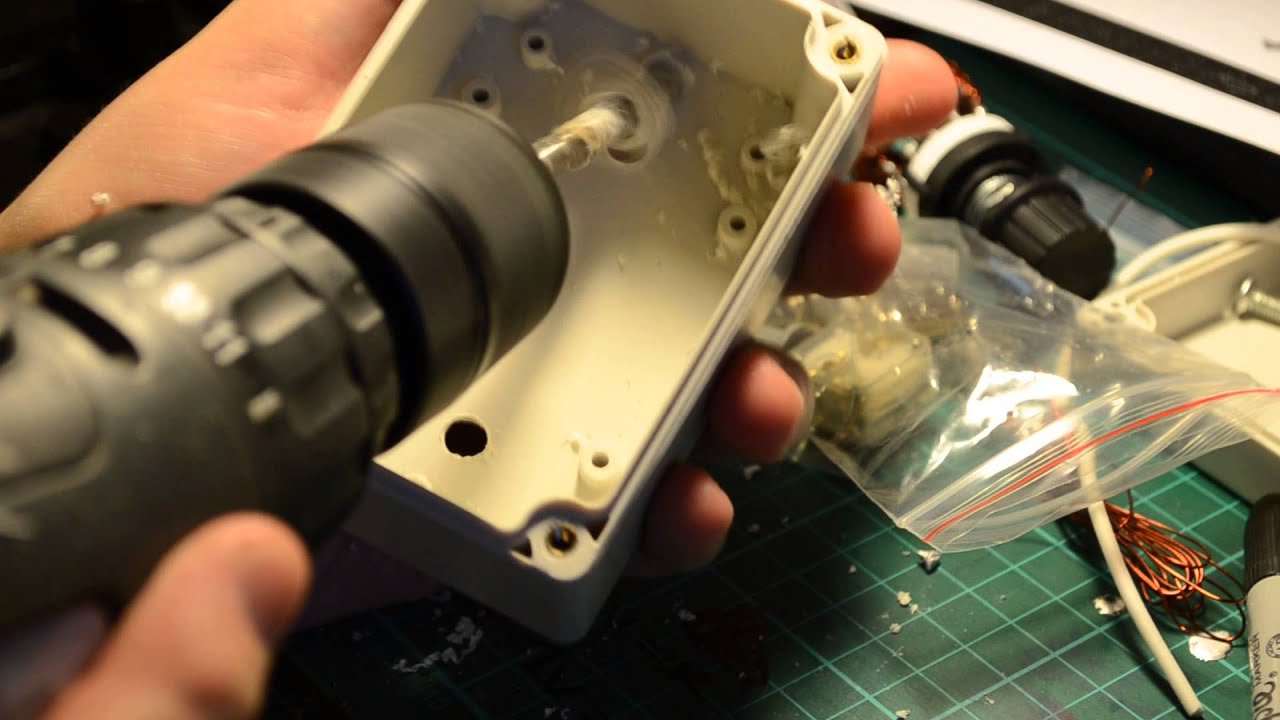 QRP DIY manual tuner kit 1-30 MHz build
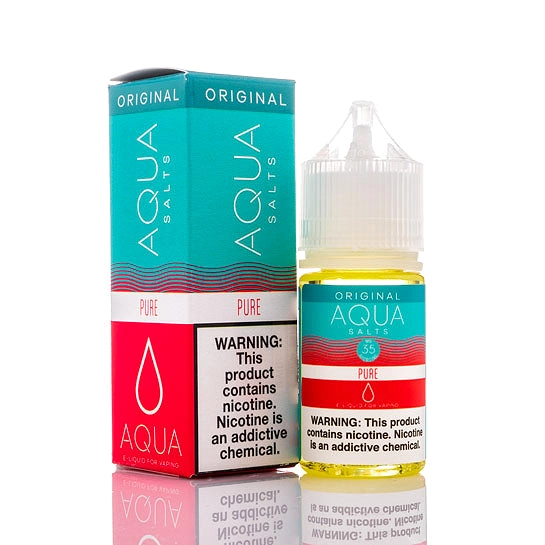 Pure Salt - Aqua E-Juice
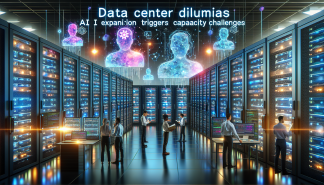 Data Center Dilemmas: AI Expansion Triggers Capacity Challenges - GadgetLad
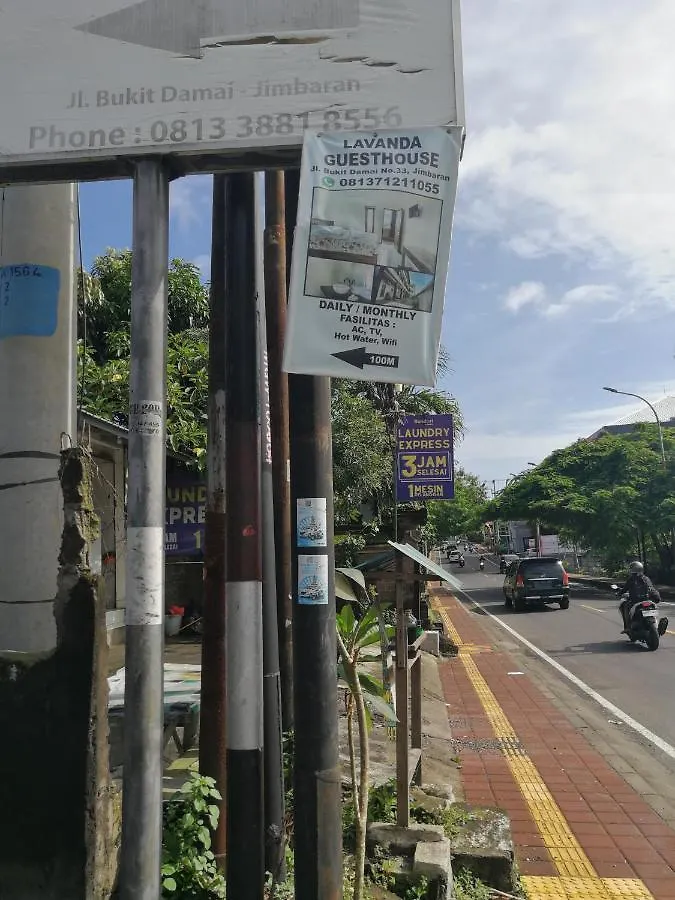 Lavanda Guesthouse/Homestay Jimbaran 0*,  Indonezja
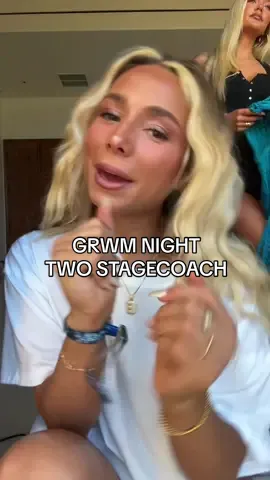 RECAP!! #travel #getreadywithme #makeup #grwm #stagecoachmusicfestival #prettylittlething #makeup #plt 
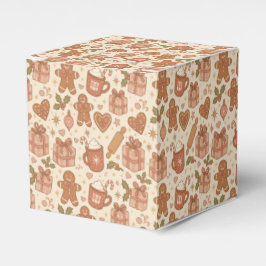 Gingerbread Joy Bedankdoosjes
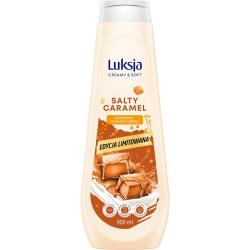 Luksja Creamy & Soft płyn do kąpieli 900ml Salty Caramel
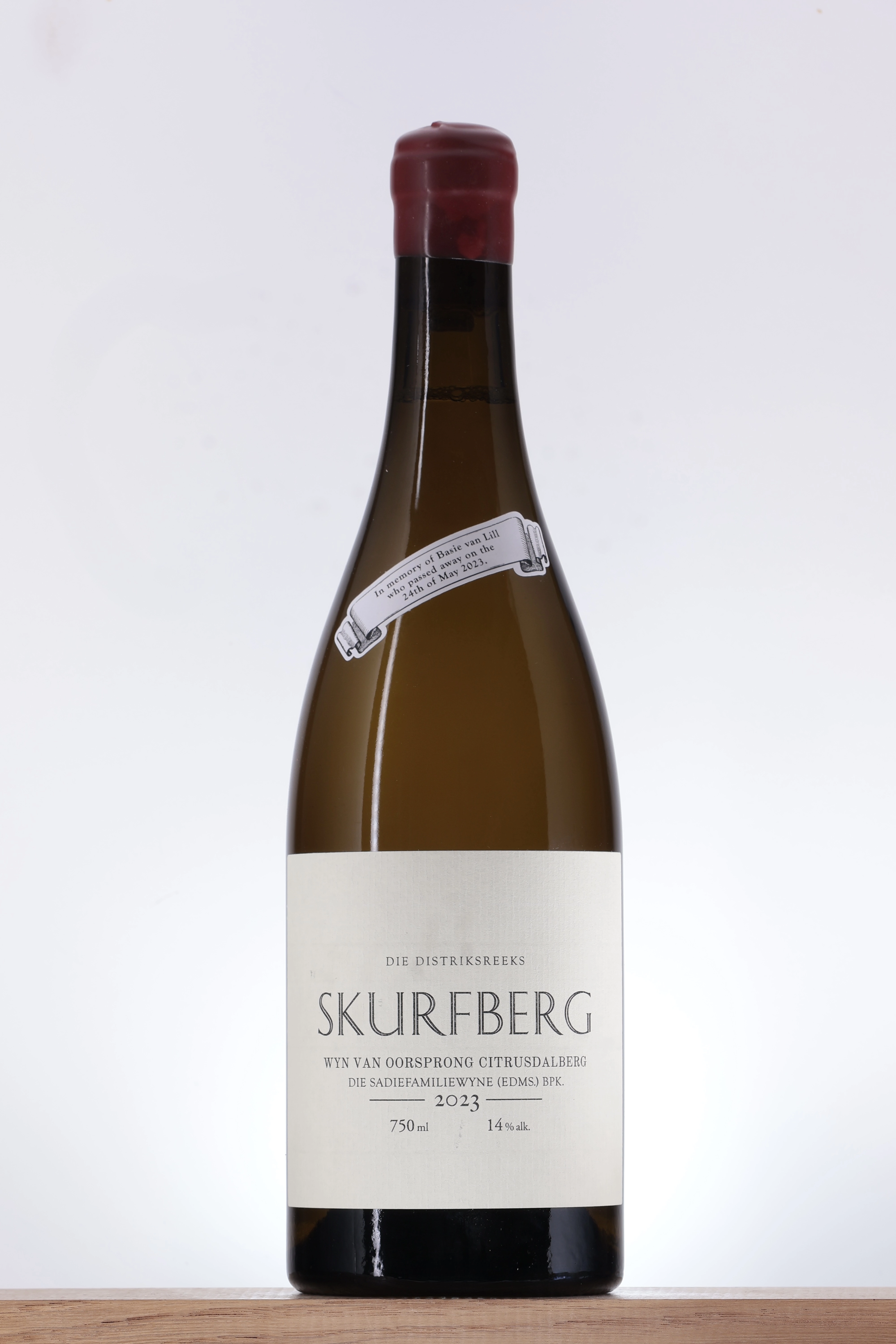 Skurfberg Chenin Blanc Olifants River 2023 The Sadie Family Skurfberg Chenin Blanc Olifants River 2023 The Sadie Family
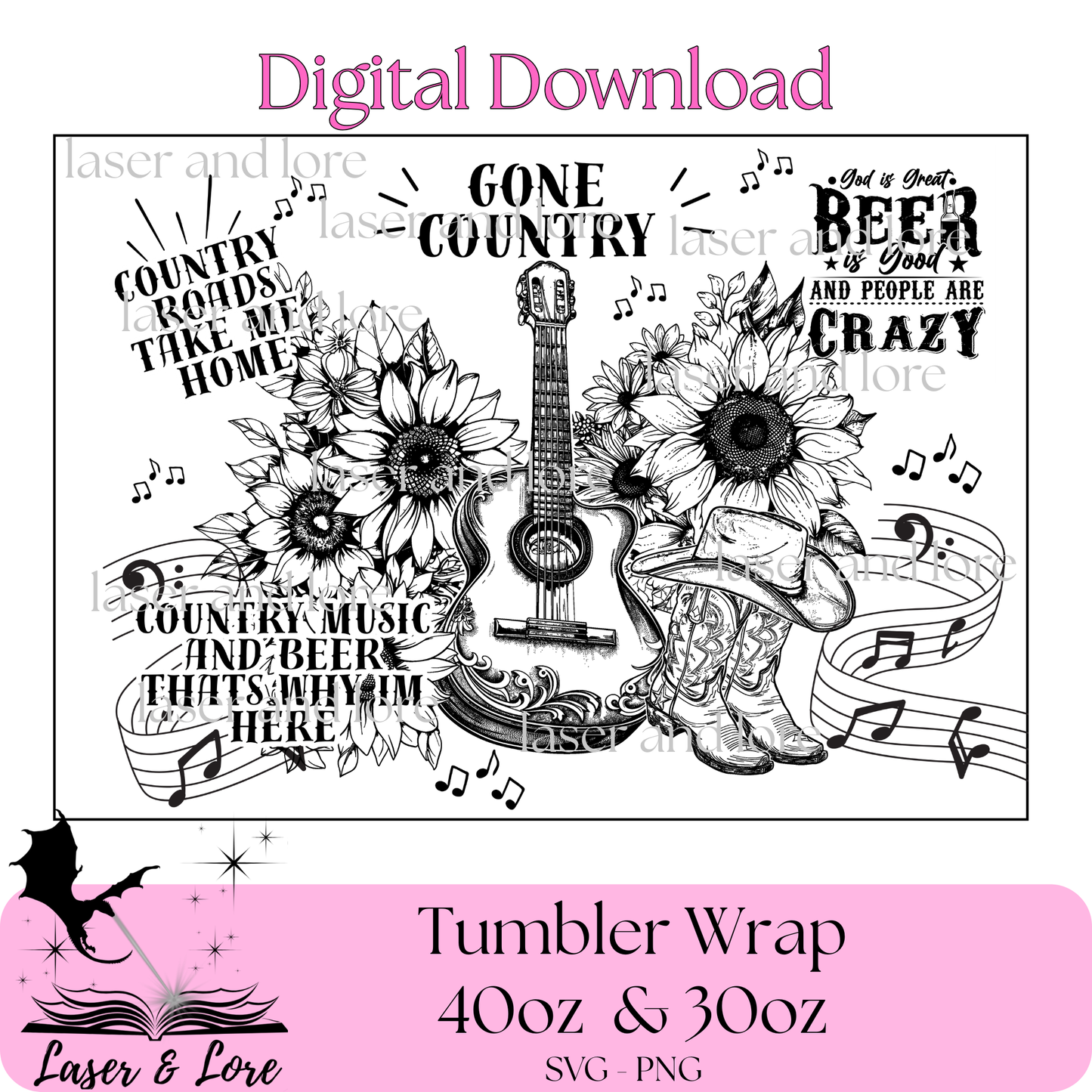 Gone Country - Digital Download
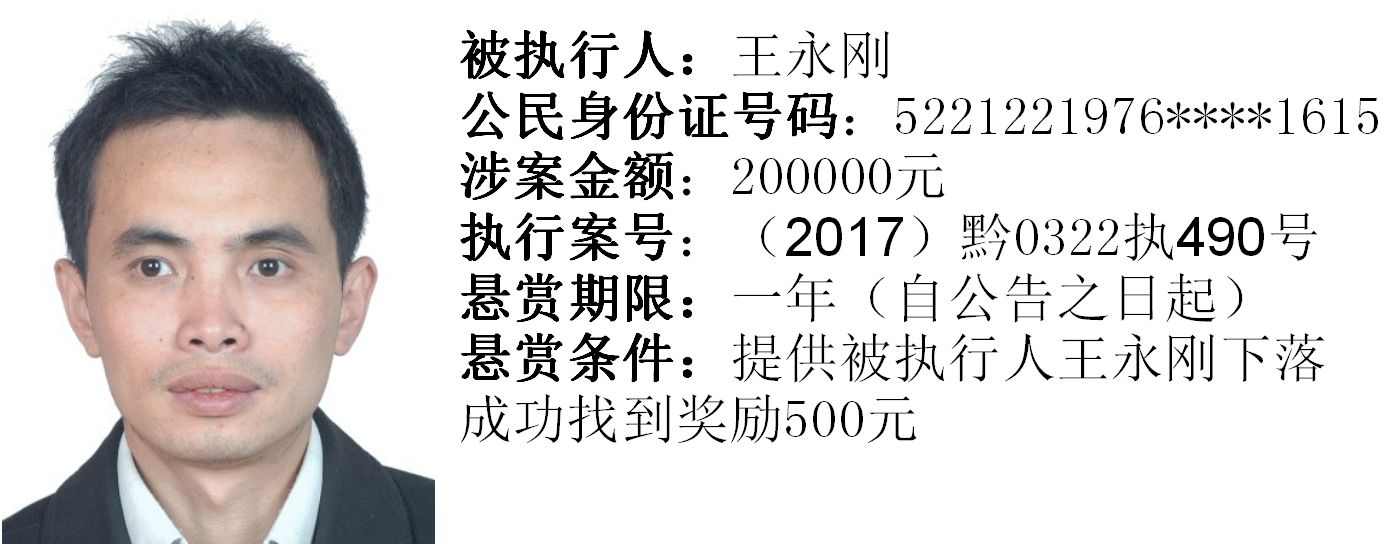 最新失信被执行人,企业名单!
..............................
Give the lines from the one containing "Luksja Creamy &" through the final line of the material again, exactly and in full, but without pictures.

__Result of this exercise__.
 Luksja Creamy & Soft płyn do kąpieli 900ml Salty Caramel
 Skurfberg Chenin Blanc Olifants River 2023 The Sadie Family Skurfberg Chenin Blanc Olifants River 2023 The Sadie Family
 Gone Country - Digital Download
 最新失信被执行人,企业名单!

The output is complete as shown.